Kiwi Commonwealth Games medalist Danny Codling has offered what he describes as a "simple remedy" to reduce the dangers of corporate boxing events - wear bigger, softer gloves.
The former pro boxer, who won a bronze medal at the 2002 Manchester Commonwealth Games, says if corporate boxing events are going to remain legal in New Zealand, 18 ounce gloves should be mandatory.
"I don't want to get to poo pooing certain brands, but competition gloves in general are too tough," Codling said.
"Especially with injures of late out of these corporate events, they're either going to stop it, or they need to change the regulations around the striking.
"I have quite a simply remedy: put some different regulations around the gloves. Make them heavier, but also it's the style of glove, the way the glove is made. They can heavier gloves but they actually feel lighter and faster if that makes sense.
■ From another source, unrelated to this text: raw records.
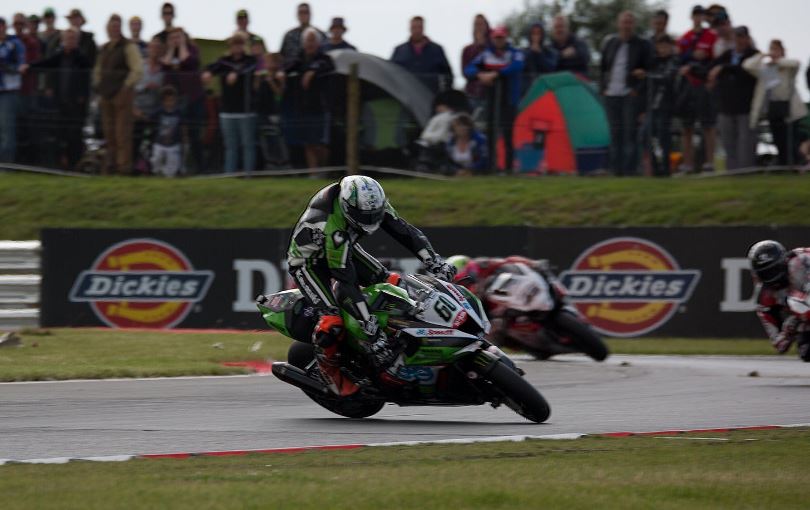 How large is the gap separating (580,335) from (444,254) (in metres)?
3.68

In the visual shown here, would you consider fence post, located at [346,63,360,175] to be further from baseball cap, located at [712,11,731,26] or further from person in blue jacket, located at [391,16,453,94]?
baseball cap, located at [712,11,731,26]

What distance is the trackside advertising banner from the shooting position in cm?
1717

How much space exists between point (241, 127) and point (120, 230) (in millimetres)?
2568

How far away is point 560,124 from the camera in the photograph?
61.8ft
"The gloves that they use now, it's almost like a condensed hardened leather. All you've got to do is pick up a pair of 16 [ounce gloves] and you'd say 'okay yeah, I still wouldn't want to get whacked by this'.
"My father gave me a pair of 18 ounce gloves and I love them. When you punch with them there's that amount of air in them, there's a pocket of air that has to be pushed out so it's almost like having a pillow fight."
The comments from the Kiwi welterweight boxer, come in the wake of the death of 37-year-old Christchurch man Kain Parsons who was critically injured in a charity fight on November 3.
Parsons died after being injured in a bout against Steve Alfeld during the Fight for Christchurch event at Horncastle Arena. He was not wearing headgear.
Inspector Darryl Sweeney said police were "liaising with the event organisers and officials to fully understand the circumstances surrounding his death".
"We are in contact with and extend our sympathies to Mr Parsons' family at this difficult time," he said.
"His death and all facts surrounding it will be referred to the coroner."
Parsons' family issued a statement through police earlier this week.
"The family of Kain Parsons wishes to advise that tragically he has succumbed to the brain injury he received at the Fight for Christchurch on Saturday 3 November," it says.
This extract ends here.